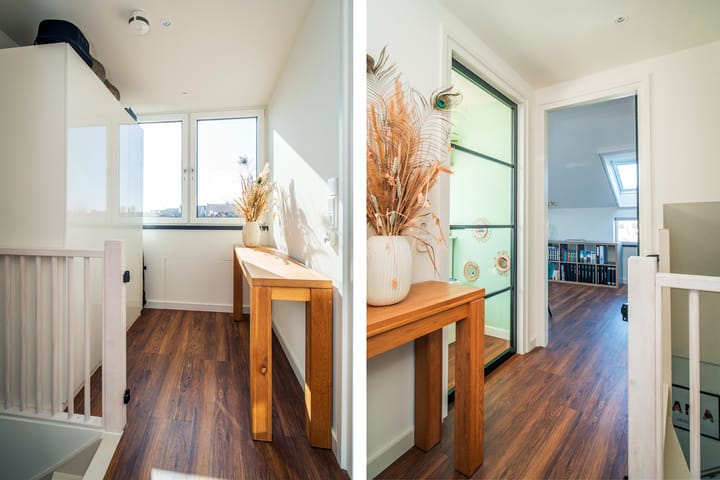 Foto 29 van Mulderstraat 12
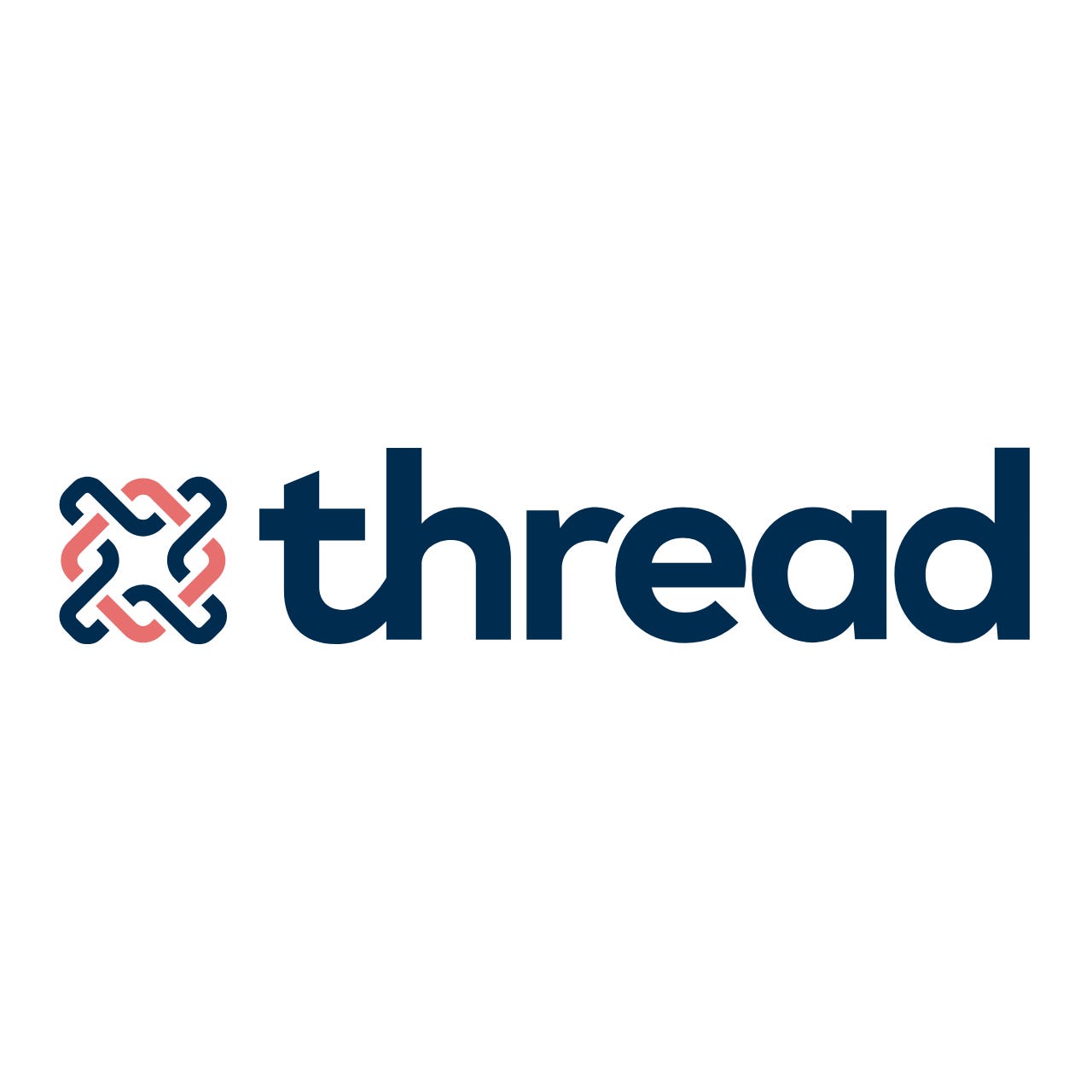 Thread Bank - FinTech News
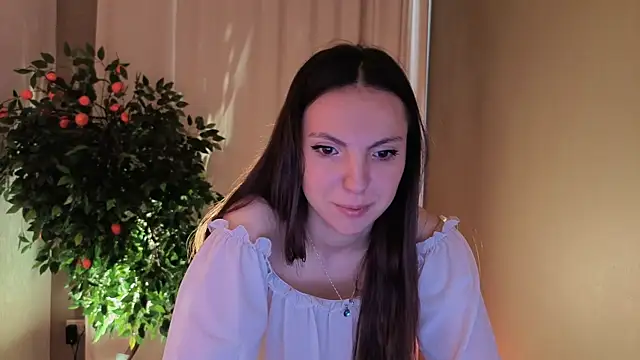 Snapshot of Alice-Lidel chatting on July 2026 05:12:01 AM Alice-Lidel online show from July 2026 05:12:01 AM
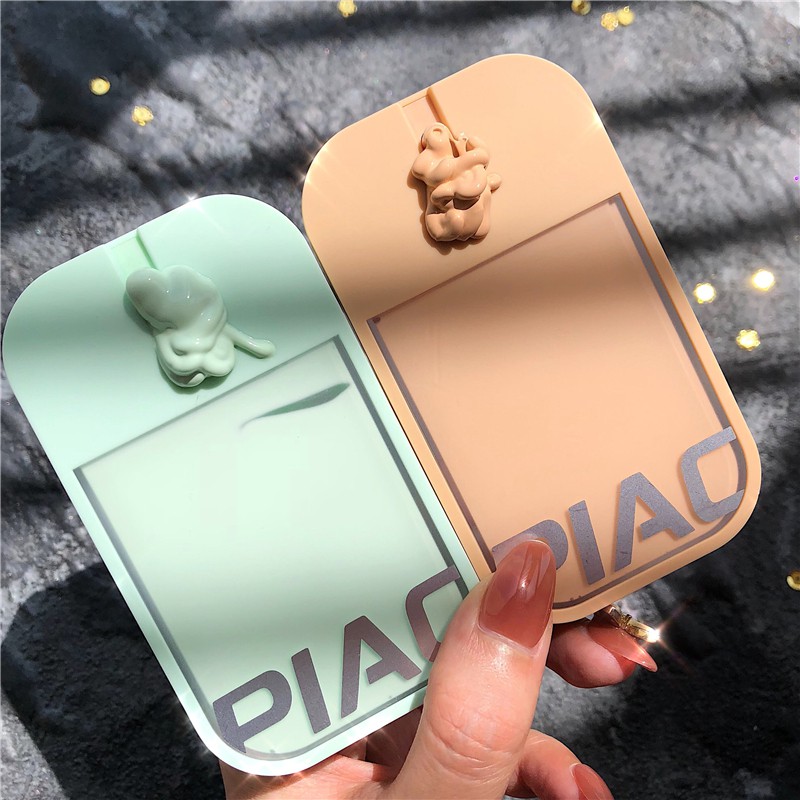 ⭐Ready Stock⭐■Kem BB Piac dưỡng ẩm che khuyết điểm dung tích 30ml chất lượng cao | BigBuy360 - bigbuy360.vn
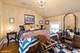 3856 N Kildare, Chicago, IL 60641
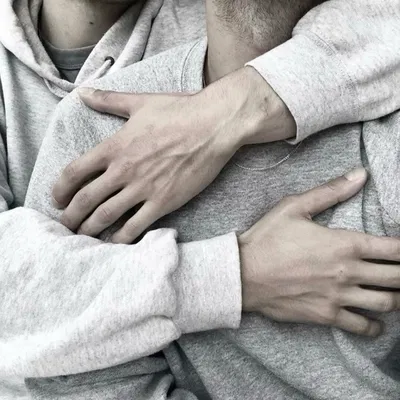Liam Roussel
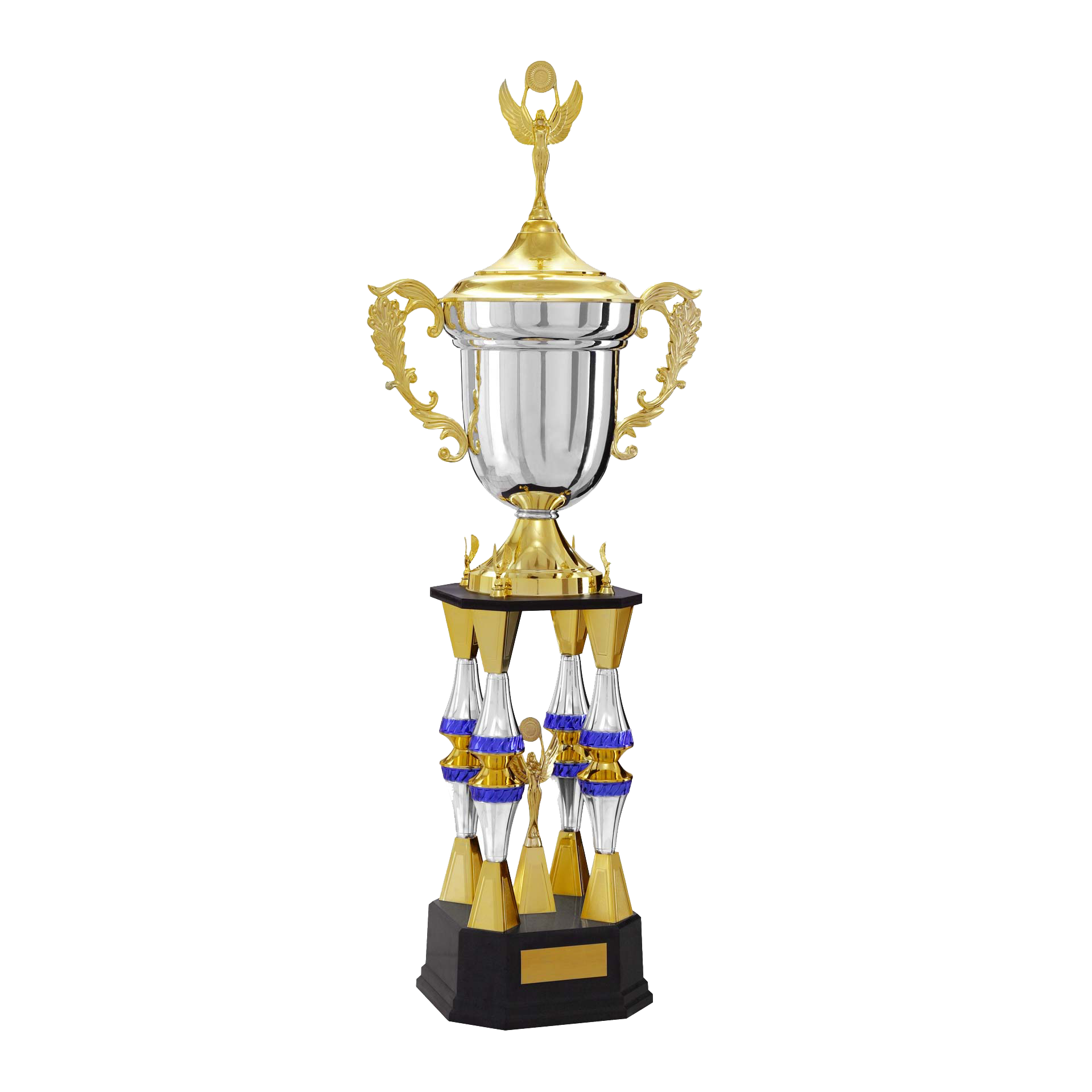 Troféu da Liga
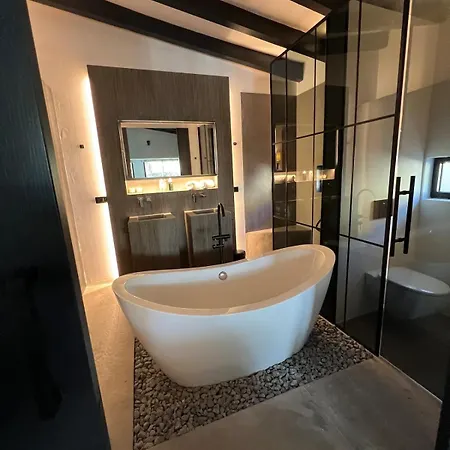 Dreamhomesbymaria Next To Puerto Banus * Marbella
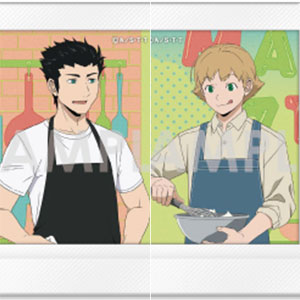 検索結果]-amiami.jp-あみあみオンライン本店-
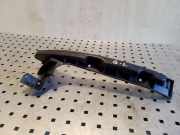 Stoßstangenhalterung hinten links AUDI TT (8J3) 1.8 TFSI 8J0807483A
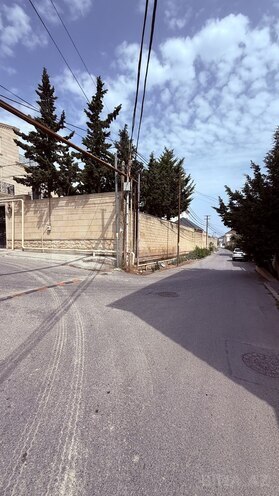 Продаётся  участок 4 сот, пос. Бадамдар, photo 5 from 10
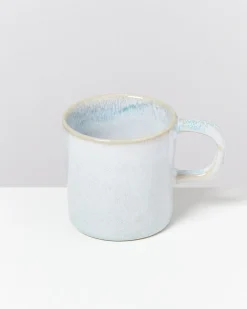 Motel a Miio Cordoama Tasse groß classic* Große Tassen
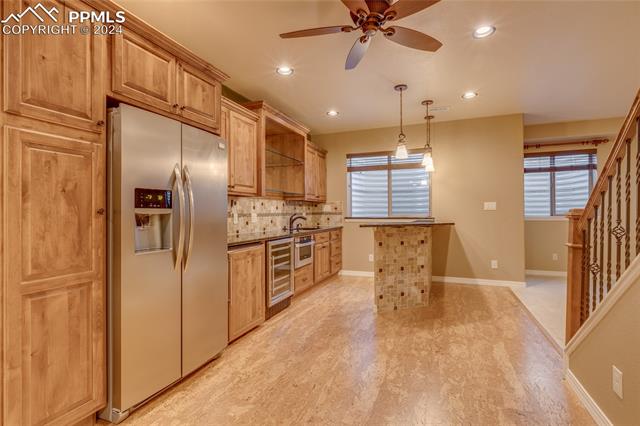 MLS Image for 6274  Adamants  ,Colorado Springs, Colorado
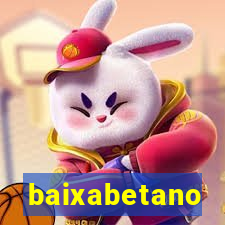 baixabetano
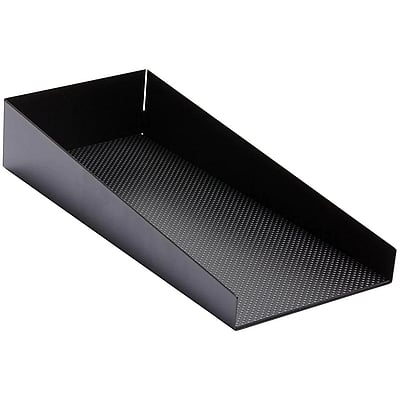 Stiftablage Athene - Schwarz - PJP-4071-0004-9005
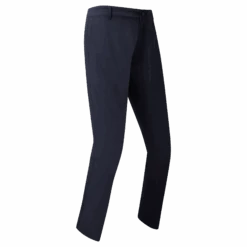 FootJoy FJ Par Men's Golf Trousers 80160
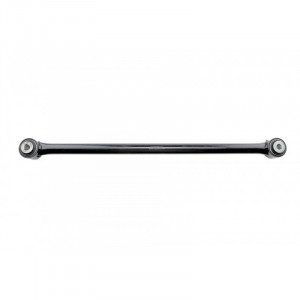 Brat suspensie spate stanga/dreapta JEEP RENEGADE 2014- 2023 - Img 3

======

PROBLEM TO SOLVE:
Print the lines from the line with "Stoßstangenhalterung hinten links" to the end of the data above. Include both ends, exclude the pictures, and add nothing else.

ANSWER FOR THE TASK:
 Stoßstangenhalterung hinten links AUDI TT (8J3) 1.8 TFSI 8J0807483A
 Продаётся  участок 4 сот, пос. Бадамдар, photo 5 from 10
 Motel a Miio Cordoama Tasse groß classic* Große Tassen
 MLS Image for 6274  Adamants  ,Colorado Springs, Colorado
 baixabetano
 Stiftablage Athene - Schwarz - PJP-4071-0004-9005
 FootJoy FJ Par Men's Golf Trousers 80160
 Brat suspensie spate stanga/dreapta JEEP RENEGADE 2014- 2023 - Img 3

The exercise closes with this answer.